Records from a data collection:
....................
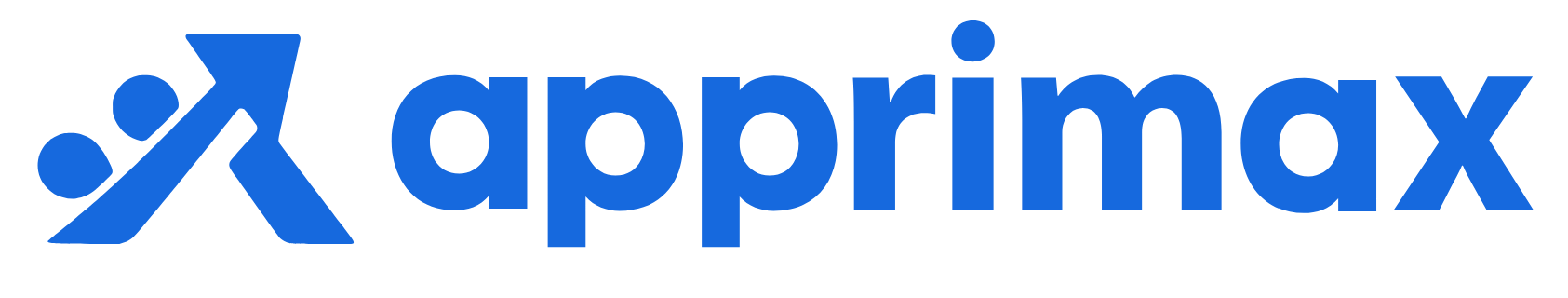 Corporate Logo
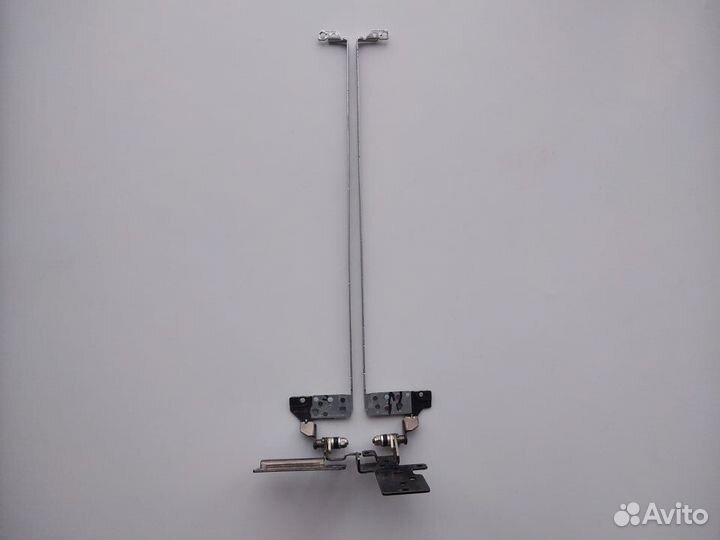 Петли ноутбука Acer ES1-520, ES1-521, ES1-522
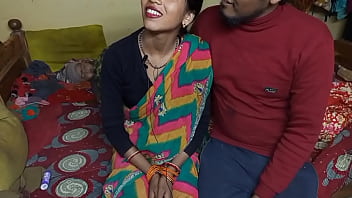 Indian Shopkiper bhabhi deshi sex video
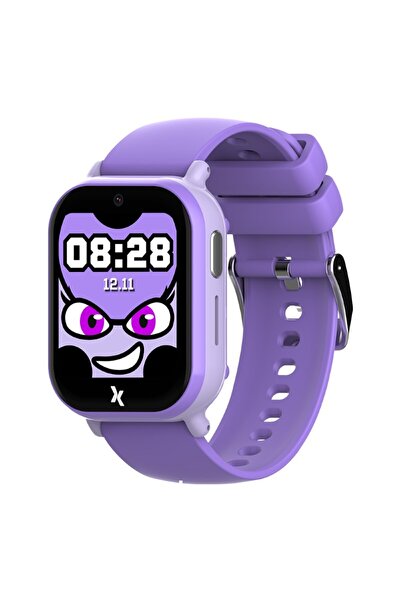 MAXCOM FW 49 Kiddo 2 4G Smartwatch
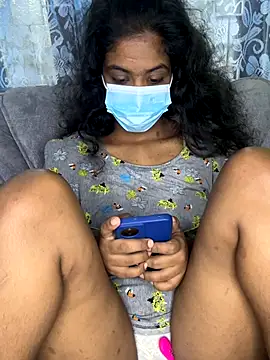 SukiyamaAsia online show from 11-25-25, 06:14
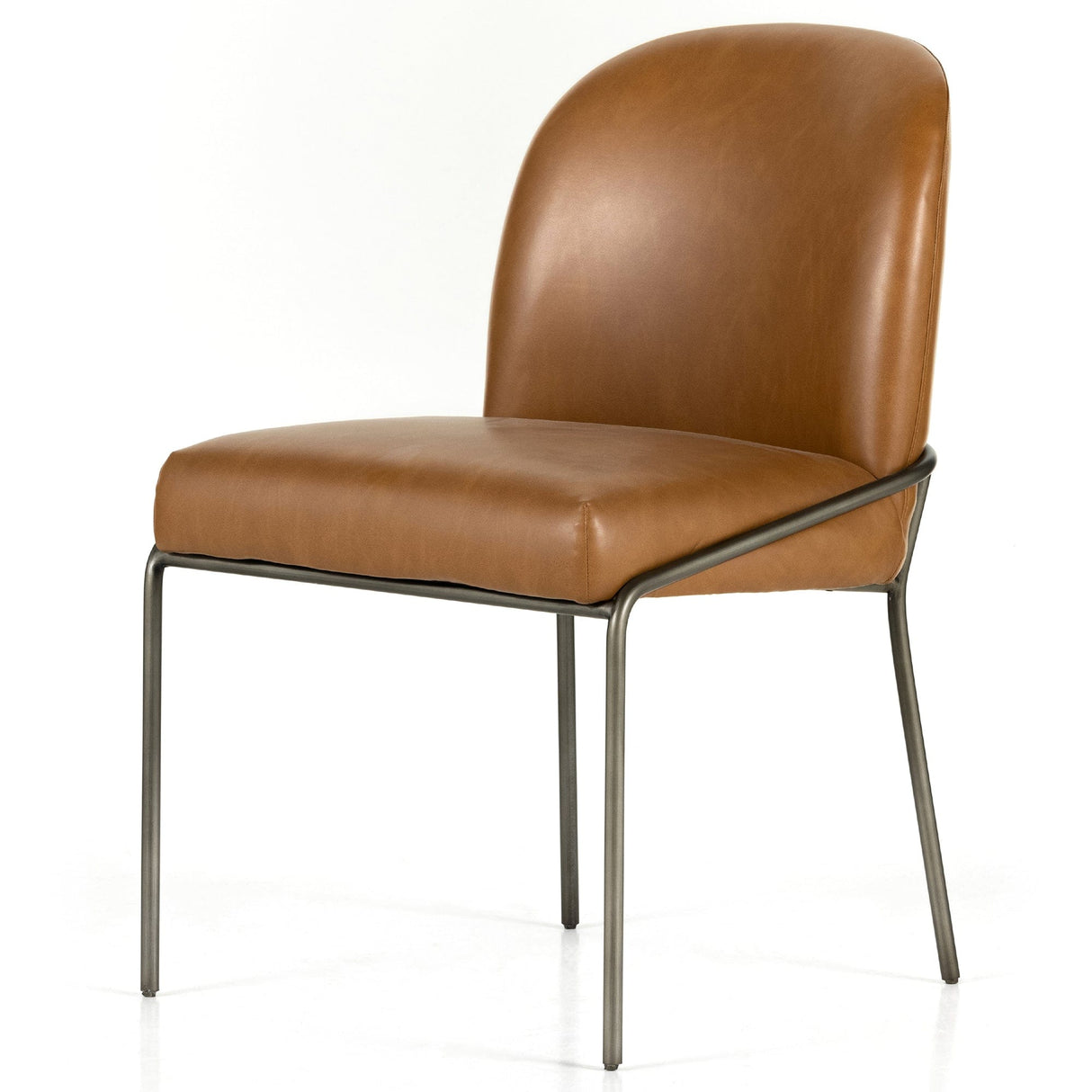 Four Hands Astrud Dining Chair Furniture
....................
- **Problem**
All records above must be copied exactly, though the pictures they hold are to be left out.

- **Answer to the exercise**
 Corporate Logo
 Петли ноутбука Acer ES1-520, ES1-521, ES1-522
 Indian Shopkiper bhabhi deshi sex video
 MAXCOM FW 49 Kiddo 2 4G Smartwatch
 SukiyamaAsia online show from 11-25-25, 06:14
 Four Hands Astrud Dining Chair Furniture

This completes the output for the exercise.